For a lesson on polymers, she uses pasta.
“Polymers do different things based [on] their linkages,” she said. “So when I was teaching a biomaterial activity to the students last week, I was using pasta to demonstrate polymer behavior in nature. Polymer strands that are not cross-linked are able to slide all over each other, which makes the material property a liquid. But when you leave pasta in the colander for a while and don't touch it and don't put water over it, it becomes hard because the polymers become cross-linked.
“I tried to display this with the pasta for them to conceptually understand the molecular behavior in an easy way. I was using the sense of touch as I was teaching the science behind it.”
This academic year, Danielsson has been sharing her EPIC program with seventh and eighth graders at The Georgetown School in Hanover County.
“The students really enjoy ‘VCU Day,’” Brian Ford, the school’s principal, said of Danielsson’s monthly visits. “They get to create things with their hands and learn about engineering in the process. The teachers have really enjoyed it, too. It’s really a good feeling to see the students excited about learning.
“One of Brooke’s goals for bringing this program to a middle school is to help promote engineering as a possible career path for the students, because she said that it wasn’t something she envisioned for herself early on.”

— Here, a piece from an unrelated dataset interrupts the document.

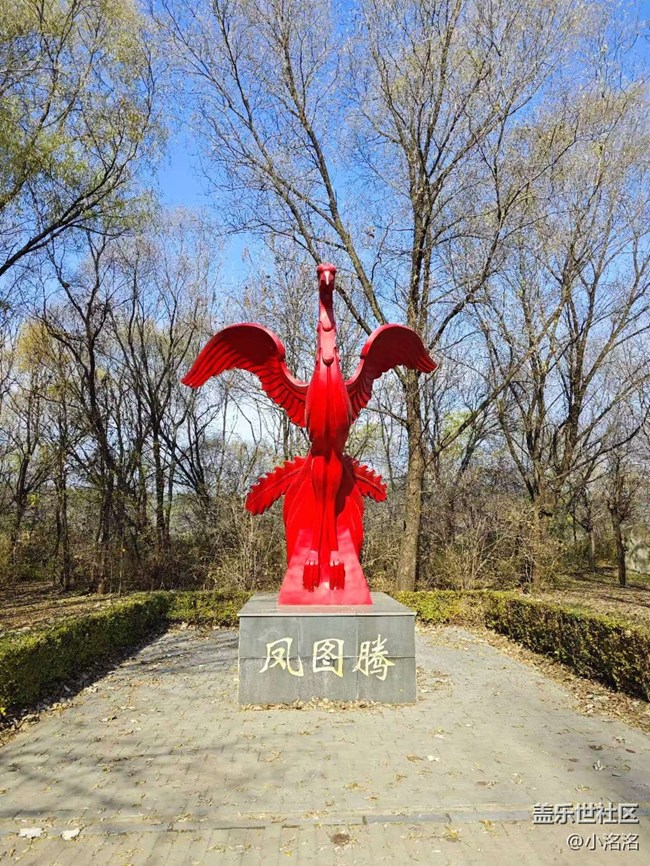 沈陽(yáng)星部落鳥(niǎo)島攝影活動(dòng)回顧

When interviewing at Ph.D. programs last year, Danielsson was dismayed to find a lack of students with documented learning disabilities in engineering schools. She cited an NSF report that found that only 2% of individuals with cognitive learning disabilities are enrolled in engineering Ph.D. programs.
“With 34% of school-aged children in the U.S. affected [by] a learning disability, it is important for the STEM community to stop associating learning disabilities with intelligence and see [these children] as the holders of providing different perspectives and creative solutions to solving problems in the field,” Danielsson said.
“STEM is growing at an exponential rate and we need to change the accessibility to the field, while not devaluing its intricacy. With EPIC, I hope to remove the ‘one-size-fits-all’ approach to learning and update the educational practices of STEM, starting on a small scale, while celebrating the diversity of learning.”